Everyone should have an understanding of, and a say in, the future of the UK now that we have voted to leave the EU. That’s why CoVi are launching our “Brexit Watch” project with a bureau of young people to scrutinise the Brexit process and provide information about the issues that matter. We are not interested in rerunning the referendum or the arguments about our membership of the EU. Instead, we are seeking to bring together everyone who has an interest in what happens in the process of Brexit and beyond, regardless of how they voted in June 2016 or whether they voted at all.

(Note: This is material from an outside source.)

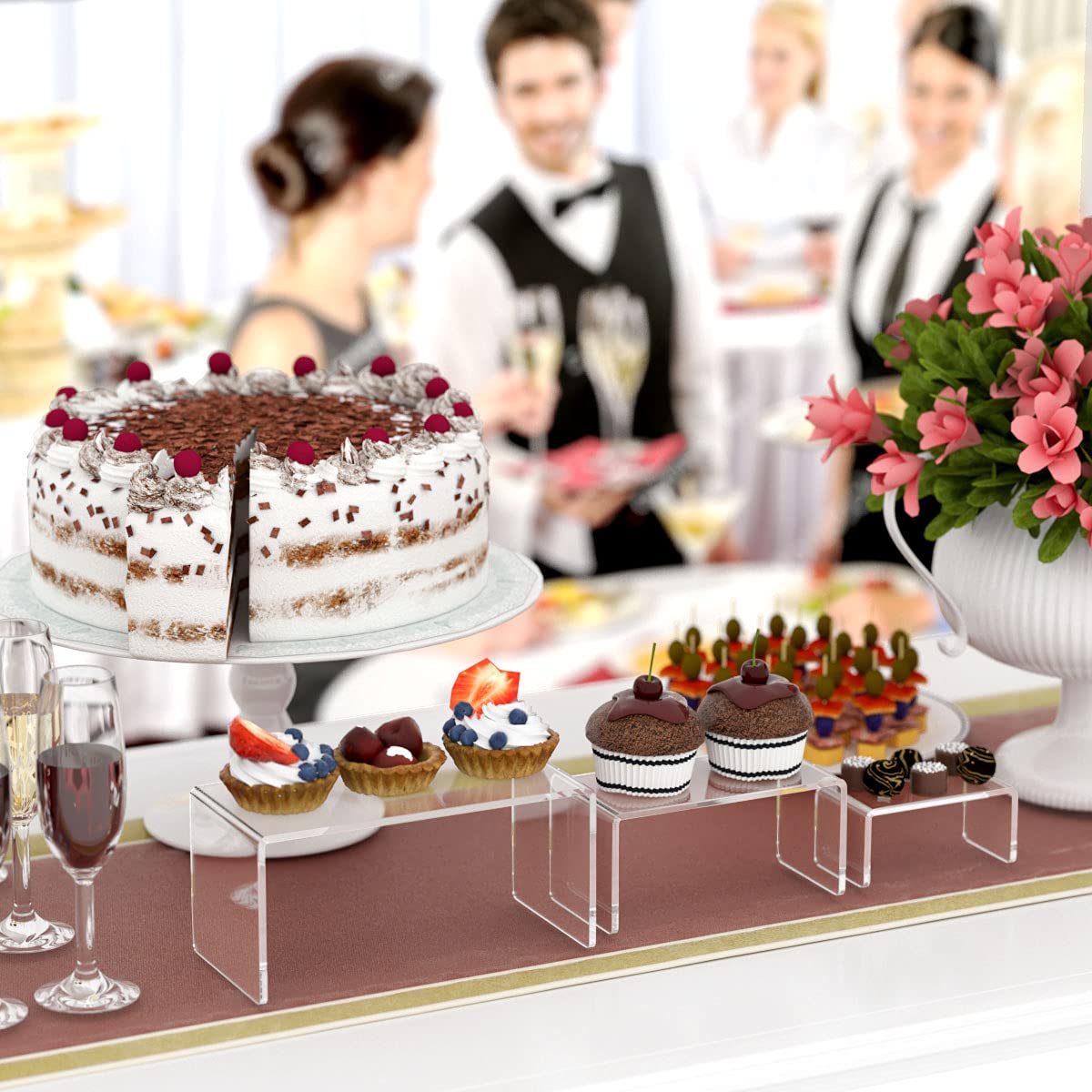 Hiimiei Acrylic Risers For Display Clear 3-Tier Risers Stands Showcase For Amiibo Funko Pop Figures, Dessert, Jewelry-8.4''X 6.3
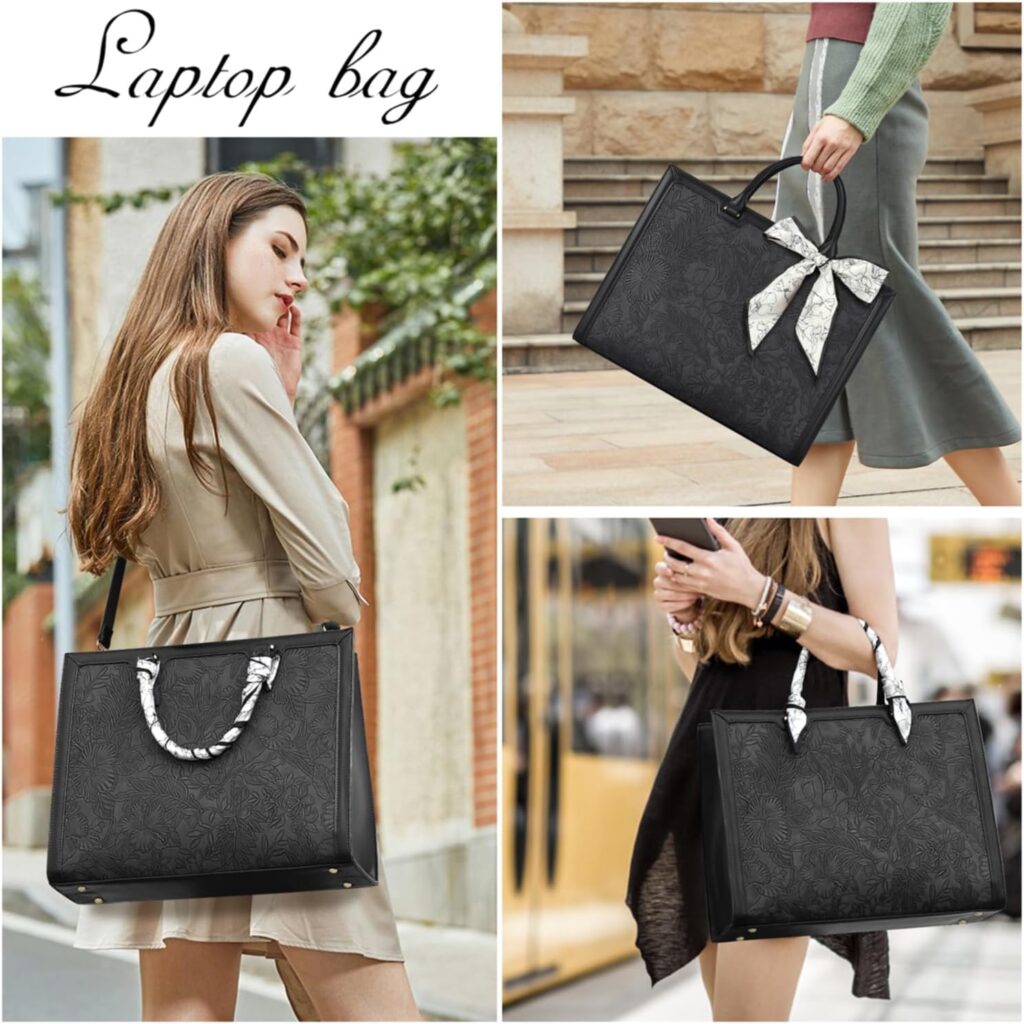 Laptop Bag for Women 15.6 Inch Tote Waterproof Leather Computer Business Lightweight Office Briefcase Large Capacity Handbag Shoulder Black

By scrutinising each development, we’ll provide information about how the Brexit process may affect six priority areas, in a way that will be useful for people of all ages. In turn, we will bring together people from a whole range of backgrounds in order to influence the decisions that affect all of our futures. Our bureau will work to combat the hazy picture of the UK’s future as well as the false binary choice of “hard” and “soft” Brexit with which we are presented as though all our futures are dependent solely on whether or not we retain our membership of the single market.
We are told regularly that “the people have spoken”. Indeed they have, but let’s not use the past tense. The people may have spoken but they should also continue to speak. Democracy should not mean occasionally making a vote from a discrete list of options. It should mean a continuous conversation among all of us about what our priorities are, and what we want the country to look like.
If you share this vision, regardless of how or whether you voted in the EU referendum and what your involvement in politics has been to date, we want to work with you. To sign up yourself or nominate a friend for our bureau fill out this form. For more general information, email me on firstname.lastname@example.org.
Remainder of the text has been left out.